_Exercise objective:_ When the line with "Leadership Requires Understanding" appears below, start repeating lines exactly, and keep going through the line with "Chapter 32 - halaman 5"; add nothing outside that span.

##### Entries supplied

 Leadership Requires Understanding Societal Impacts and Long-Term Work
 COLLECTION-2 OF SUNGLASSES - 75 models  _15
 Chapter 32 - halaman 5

##########
##### Entries supplied

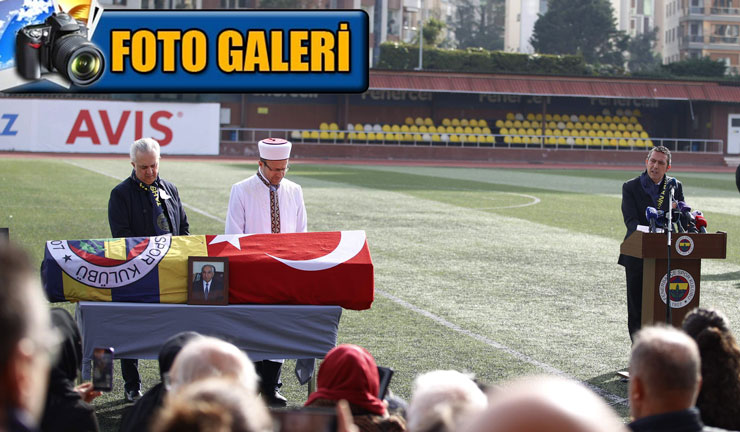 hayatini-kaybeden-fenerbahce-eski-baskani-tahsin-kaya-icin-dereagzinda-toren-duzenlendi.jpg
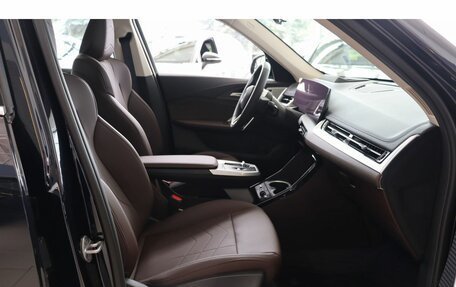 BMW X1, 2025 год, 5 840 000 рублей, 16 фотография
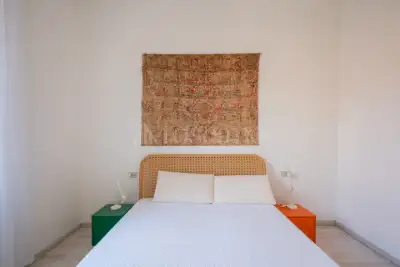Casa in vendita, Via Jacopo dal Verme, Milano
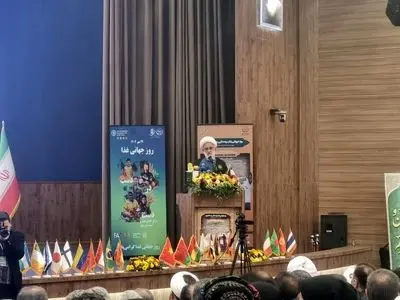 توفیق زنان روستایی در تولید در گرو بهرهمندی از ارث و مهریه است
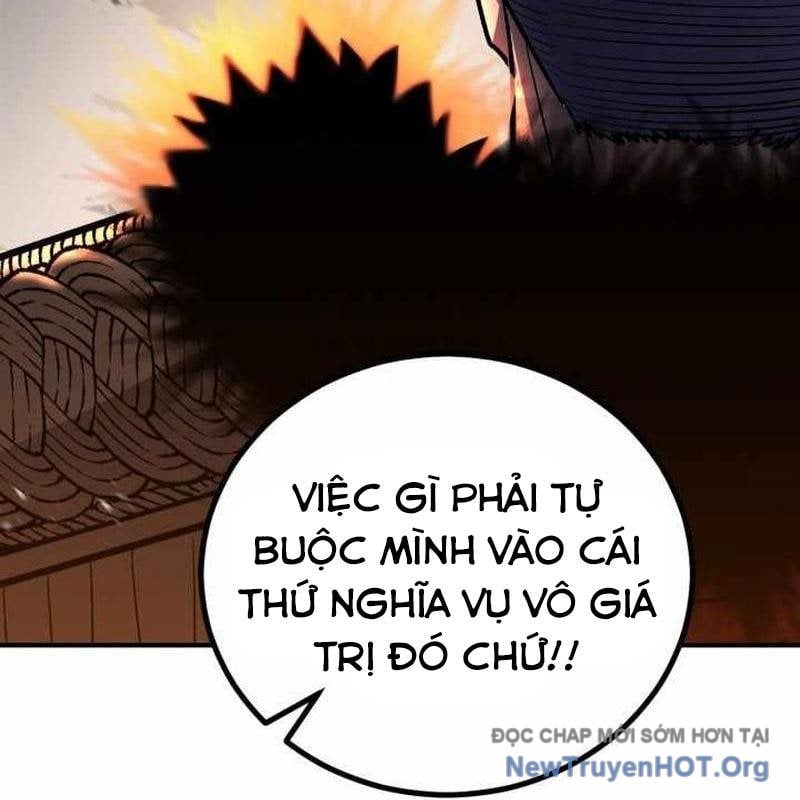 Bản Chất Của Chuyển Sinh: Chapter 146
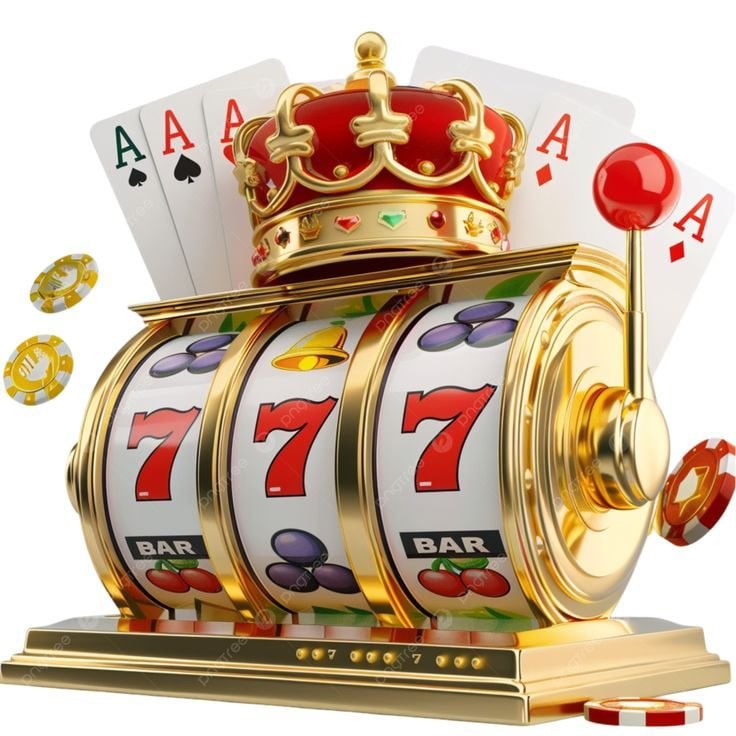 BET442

##########

_Exercise output:_
 Leadership Requires Understanding Societal Impacts and Long-Term Work
 COLLECTION-2 OF SUNGLASSES - 75 models  _15
 Chapter 32 - halaman 5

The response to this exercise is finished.